Querer sobrevivir. Querer vivir. Aunque no haya motivo.
Querer querer. Aunque no haya objetivo.
Querer. Y de pronto…
Querer evitarlo.
Querer sobrevivir. Querer vivir. Aunque no haya motivo.
Querer querer. Aunque no haya objetivo.
Querer. Y de pronto…
Querer evitarlo.
Cerebro no es igual a mente. Estoy convencido. Yo tenía cerebro y casi lo destruyo para alimentar mi mente. Caí en las drogas porque lo natural no me satisfacía en lo más mínimo.
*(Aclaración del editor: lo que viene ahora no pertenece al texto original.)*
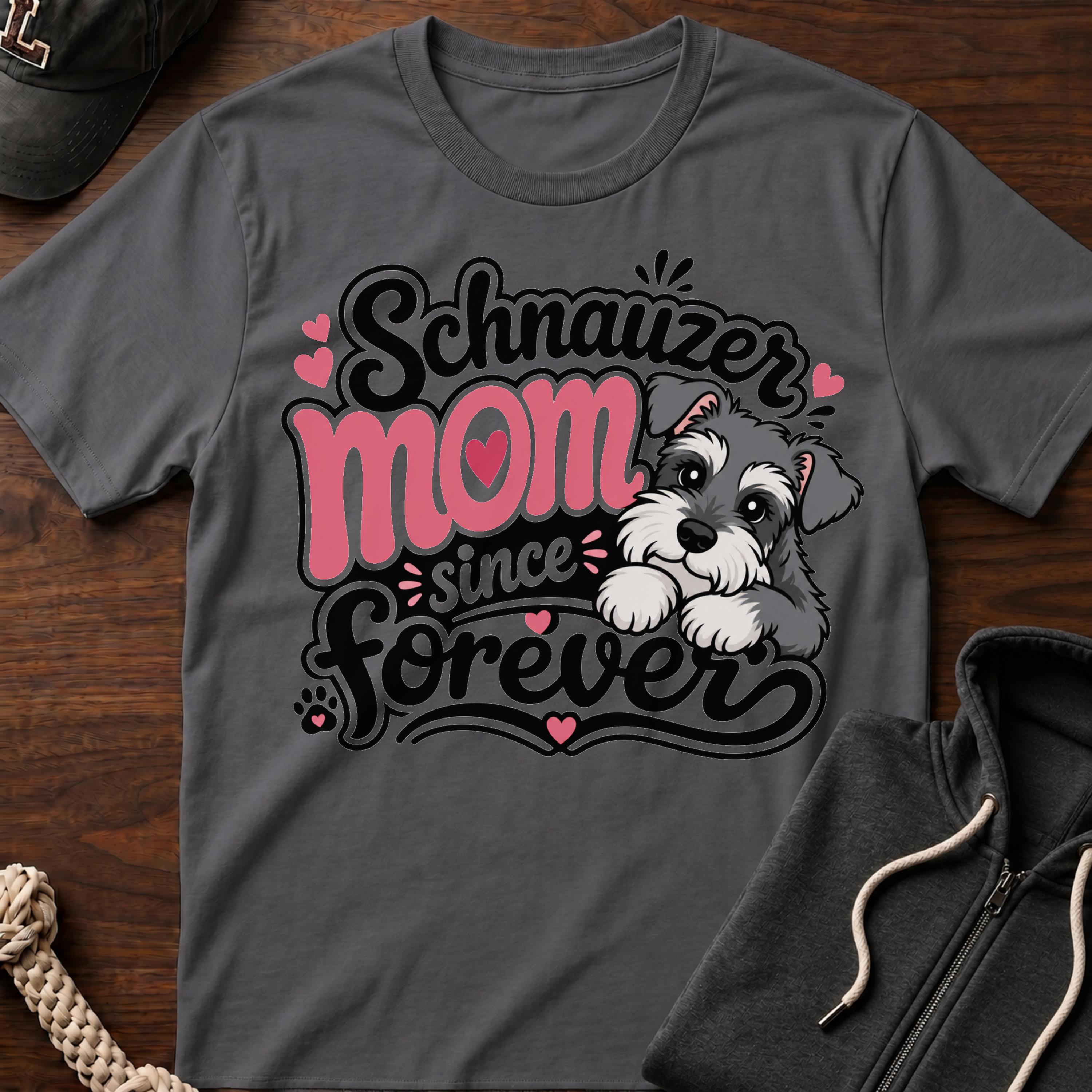 Schnauzer Mom Since Forever T-Shirt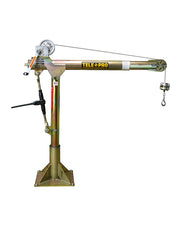 OZ Lifting Tele-Pro Davit Crane– The Tele-Pro Davit Crane from OZ Lifting features a patented telescopic booming adjustment that can extend and retract while under load. The telescoping boom can be adjusted using the winch handle or a drill drive adapter. The crane is supplied with either a manual winch, AC winch or DC winch and is available with lifting capacities of 500lbs, 1200lbs or 2500lbs. – Now available at MTN Shop US. - imagen 5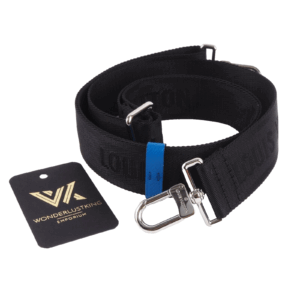 LOUIS VUITTON Luxus Designer Schulterriemen Verstellbar Silver/ Agave Blue Taiga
Si la persona que tenía conmigo me dejaba helado, quizás su paupérrima naturaleza se viera engrandecida con una ayuda de filtros artificiales que actuaran como lentes convergentes. Y el efecto traicionó mis expectativas: El objetivo quedaba a un lado y me dejaba absorber por los caminos secundarios de aquella senda de destrucción.
Debo agradecer a tu dios, si es que existe, que me retirara a tiempo de aquel callejón sin retorno. Acción y reacción disgregaron los efectos malignos de los estupefacientes ingeridos. Acción directa de desviar toda mi atención e intención en mi eterna búsqueda de la perpetua perfección.
E hice saltar la alarma. De sonido inexistente y, por su insonoridad, más audible. La locura continua, sin límite, fagocitaba mis neuronas, ya no tenía una perspectiva pura de lo que me rodeaba, ni de las cosas ni de las personas. Emergí en un mar de odio hacia los demás, un odio irracional hacia los recuerdos protegidos en la burbuja de la intocabilidad, hacia mi instrucción del devenir trascendente de las cosas, hacia lo poco que había recaudado de la sabiduría escasa y valiosa, como los hilos de azafrán, de mis prójimos. Sentí que me desgajaba como una naranja ácida y rebelde en su amargura. Y el viento me sopló la memoria.
Perdí mi propia percepción de mí mismo, y eso era ya demasiado, insultantemente grave.
Mi cerebro intervino como salvador de lo que contenía, como una madre que protege a sus crías, a sus cachorros por los que luchará hasta la muerte. Mi cerebro, desmembrado, no reconocía a sus propios integrantes; sus neuronas bailaban en la oscuridad, su materia gris se recalentaba y fundía en una cascada de lava incontrolable. Y acudió a sus reservas de lucidez. Su as en la manga: Me ordenó dormir, dormir hasta nuevo aviso. Desconexión ¡ya! Modo inoperante. El vegetal debía guarecerse de las lluvias demasiado intensas, antes que se transformaran en avasallador granizo.
Padre, madre, morí una vez, y creo que decidí no volver a hacerlo más hasta que fuera mi auténtica hora, la definitiva.
El hospital me enseñó a engarzar mis eslabones mentales. Muy, muy len-ta-men-te. Tanta languidez parecía anulación. Hasta que un día, el modus operandi entonó la situación en espera como algo superado. Y reviví. Como esos mesías resucitados en una segunda oportunidad.
Y si pierdo esa segunda oportunidad sabré que los pasos deben ser siempre hacia adelante, sin mirar atrás, sin dejar huellas en una vida a mis espaldas. Siempre hacia adelante.
¡Mesías malcarados!
Me costaba respirar.
Me costaba asumir la inhalación del aire enfermo.
Me costaba asumir que ésta sería la última vez que tendría la oportunidad de terminar mi obra.
Demasiados muertos en el mundo.
Demasiados intereses ocultos para que siguiera habiendo demasiados muertos en el mundo.
Pero la advertencia íntima llegaba y mi intuición trabajaría para lograr el objetivo.
No habría solución más extrema que la aniquilación de los que ostentaban el poder.
No cejaría en el empeño de verlos a todos muertos: La Élite terminaría fagocitándose a sí misma.
Y respiraría el mundo. El mío. El de todos. Y los Derechos serían Hechos.
Porque todos serían iguales. Menos yo.
Porque cargaría sobre mi conciencia la exterminación de la ralea inverosímil.
Y pensando, en un nanosegundo, en todo ello, me costaba respirar.